— EXERCISE DETAILS —
The result should be the lines from the one holding "Golden Trailing Pothos" to the end of the records below, repeated exactly. No pictures.

BEGIN DATA IN THIS EXERCISE

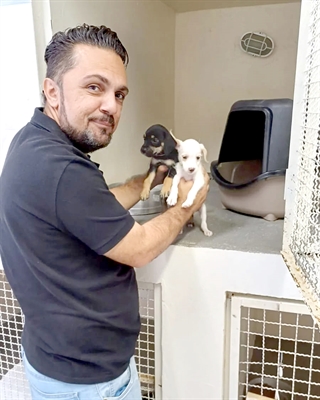 A “cãofusão” entre os protetores de animais continua. O projeto de Chandelly, que cria o “Banco de Ração” em Votuporanga, divide opiniões dentro da própria causa animal  (Foto: Redes Sociais)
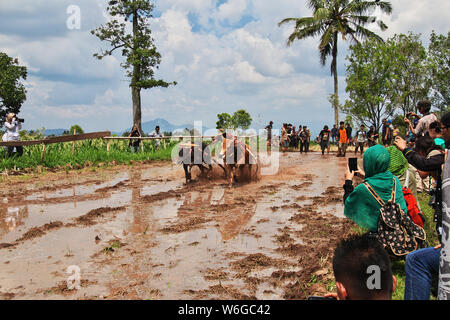 Padang, Indonesien - 30. Jun 2016. Festival Aufwachraum Jawi (die Bull Racing) im Dorf in der Nähe von Padang, Indonesien Stockfoto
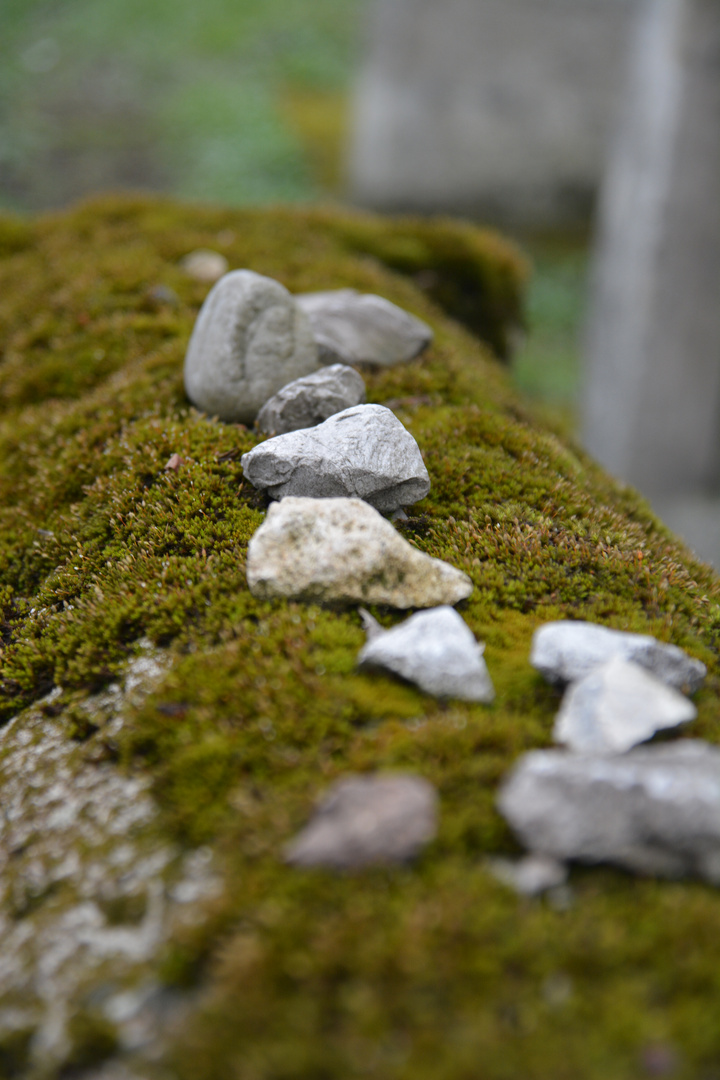 Eternal rest (in Cracow)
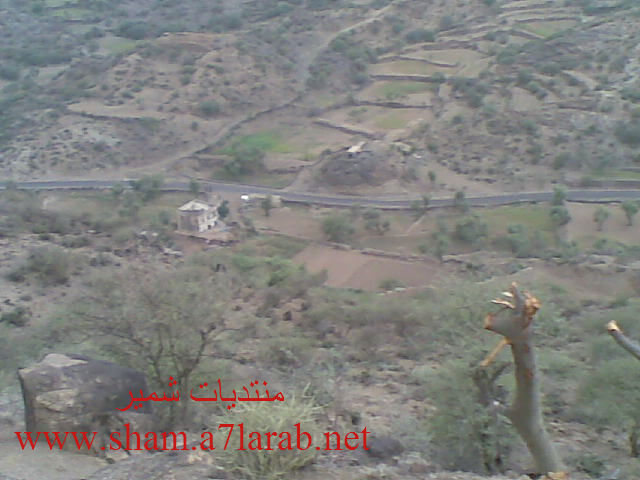 وادي المثانيه منطقه شمير  20110813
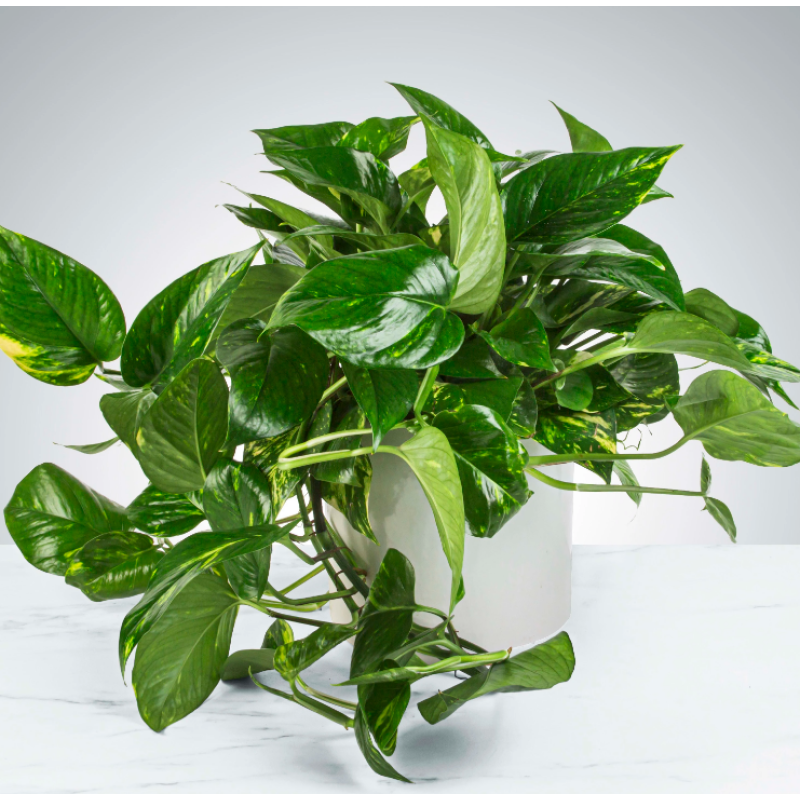 Golden Trailing Pothos  - Same Day Delivery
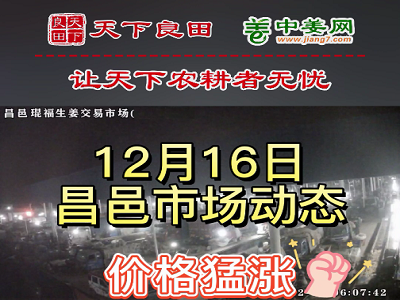 12月16日 昌邑生姜交易實況（價格猛漲） (3146播放)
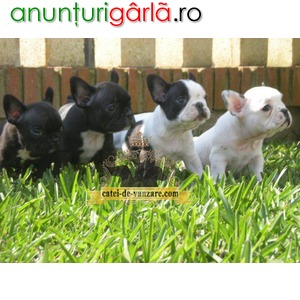Imagine anunţ Catei Bulldog Francez de Vanzare in Bucuresti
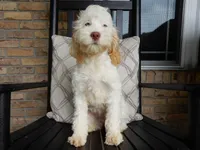 Maci, a female Cockapoo for sale in Berlin, OH – 6 of 7
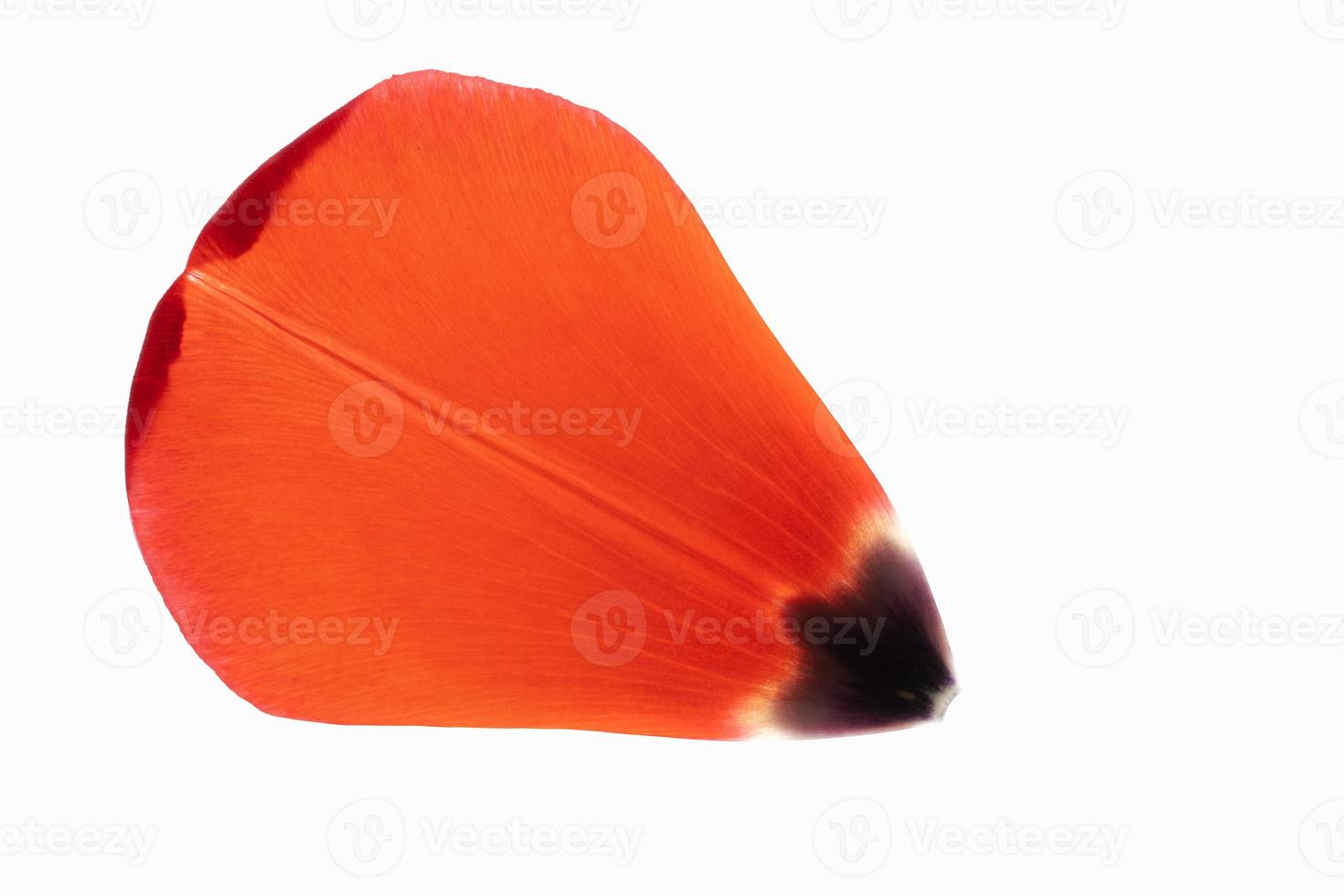 Isolated tulip petal photo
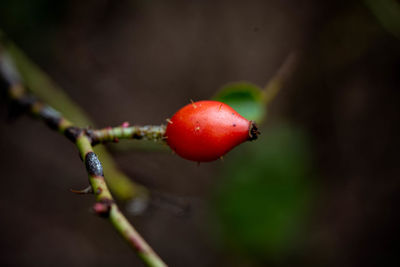 Close-up of strawberry on plant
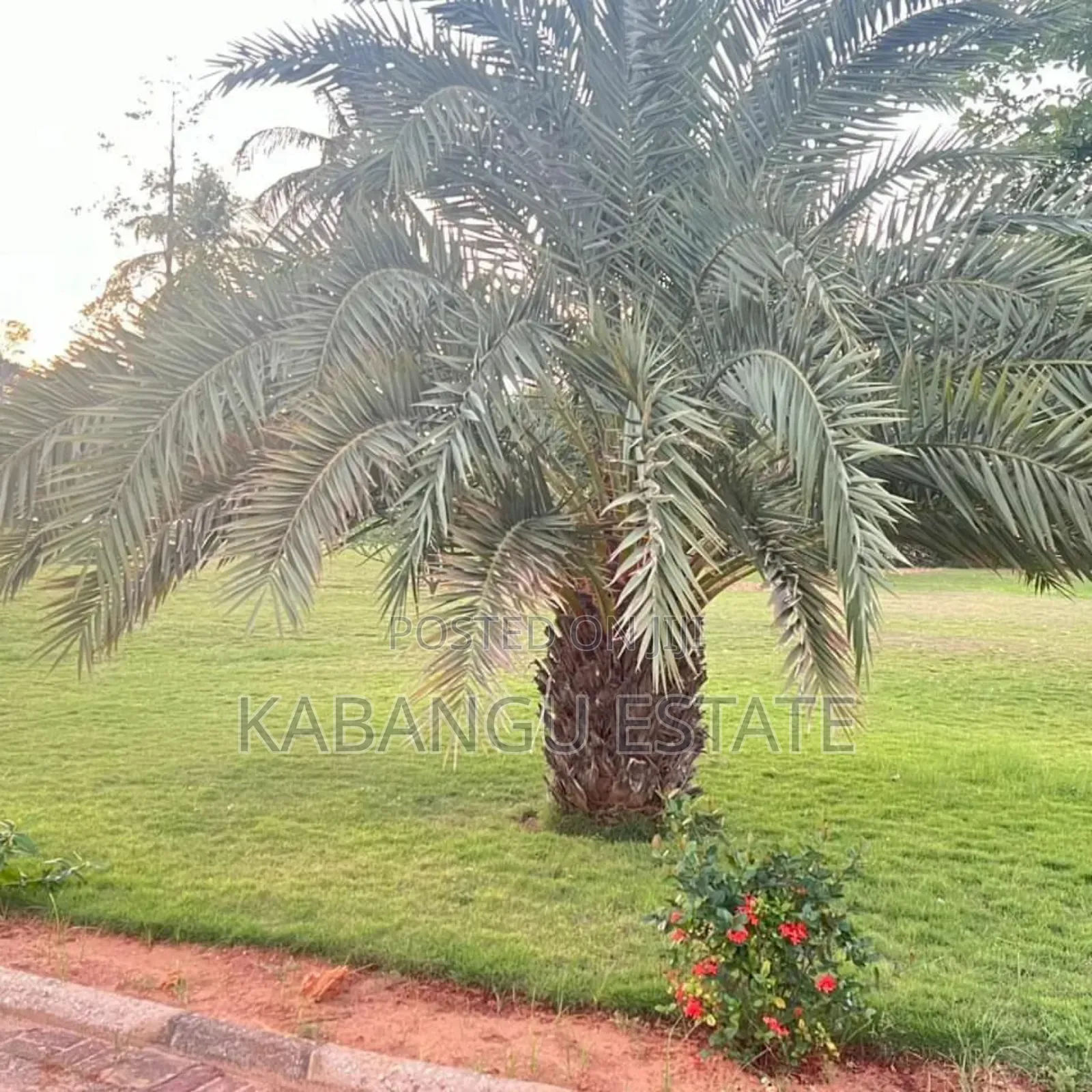 4bdrm House in Mbezibeach for rent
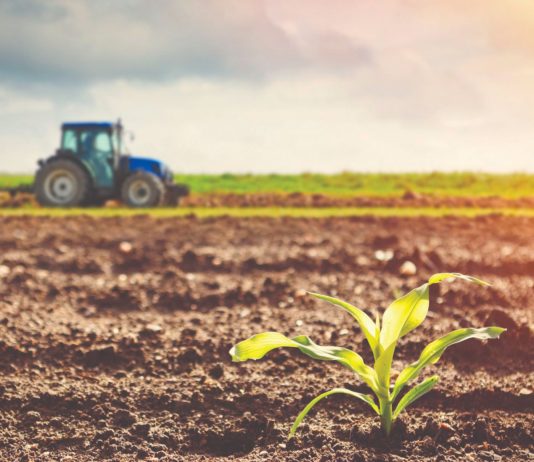 natječaj za zakup poljoprivrednog zemljišta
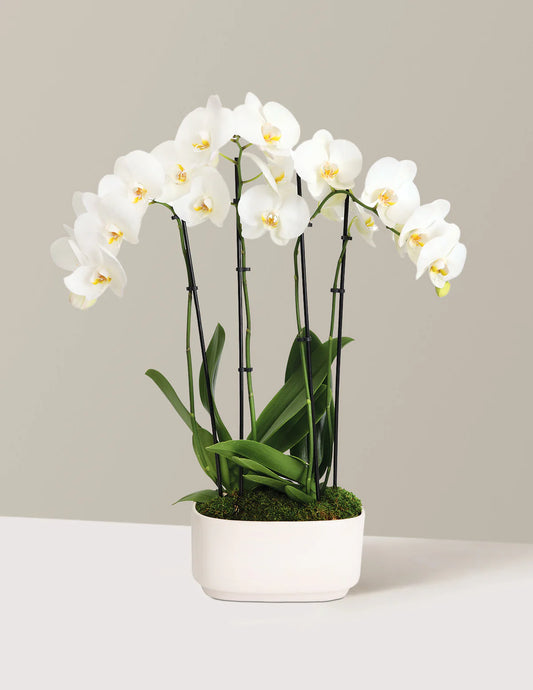 Orquidea Blanca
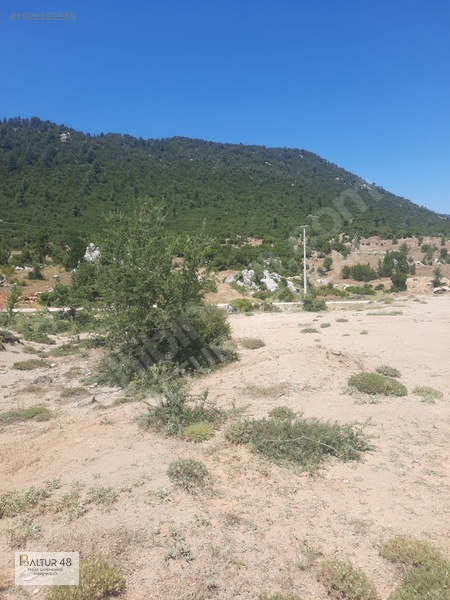Yayla Ceylan'da 8419m² Satılık Yatırım Arazisi — fotoğraf 14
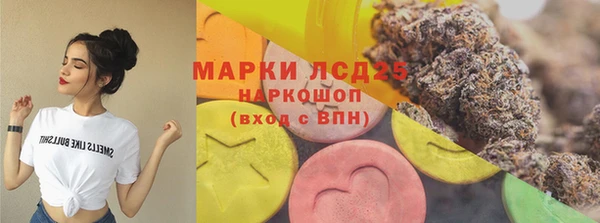 стафф Каменка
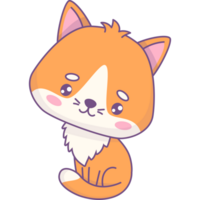 Cute animal cat png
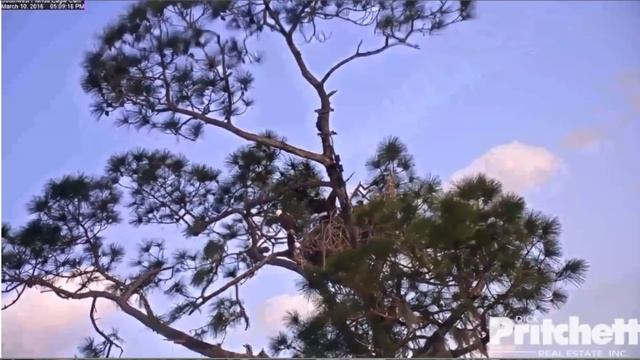 SWFLEagles~Grab & Gulp The Whole Lil Fish, Keep Away, Bedtime Snack~3–10-16 смотреть онлайн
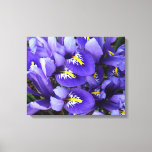 Miniature Blue Irises Spring Floral Canvas Print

END DATA IN THIS EXERCISE

— OUTPUT OF THE TASK —
 Golden Trailing Pothos  - Same Day Delivery
 12月16日 昌邑生姜交易實況（價格猛漲） (3146播放)
Imagine anunţ Catei Bulldog Francez de Vanzare in Bucuresti
 Maci, a female Cockapoo for sale in Berlin, OH – 6 of 7
 Isolated tulip petal photo
 Close-up of strawberry on plant
 4bdrm House in Mbezibeach for rent
 natječaj za zakup poljoprivrednog zemljišta
 Orquidea Blanca
Yayla Ceylan'da 8419m² Satılık Yatırım Arazisi — fotoğraf 14
 стафф Каменка
 Cute animal cat png
 SWFLEagles~Grab & Gulp The Whole Lil Fish, Keep Away, Bedtime Snack~3–10-16 смотреть онлайн
 Miniature Blue Irises Spring Floral Canvas Print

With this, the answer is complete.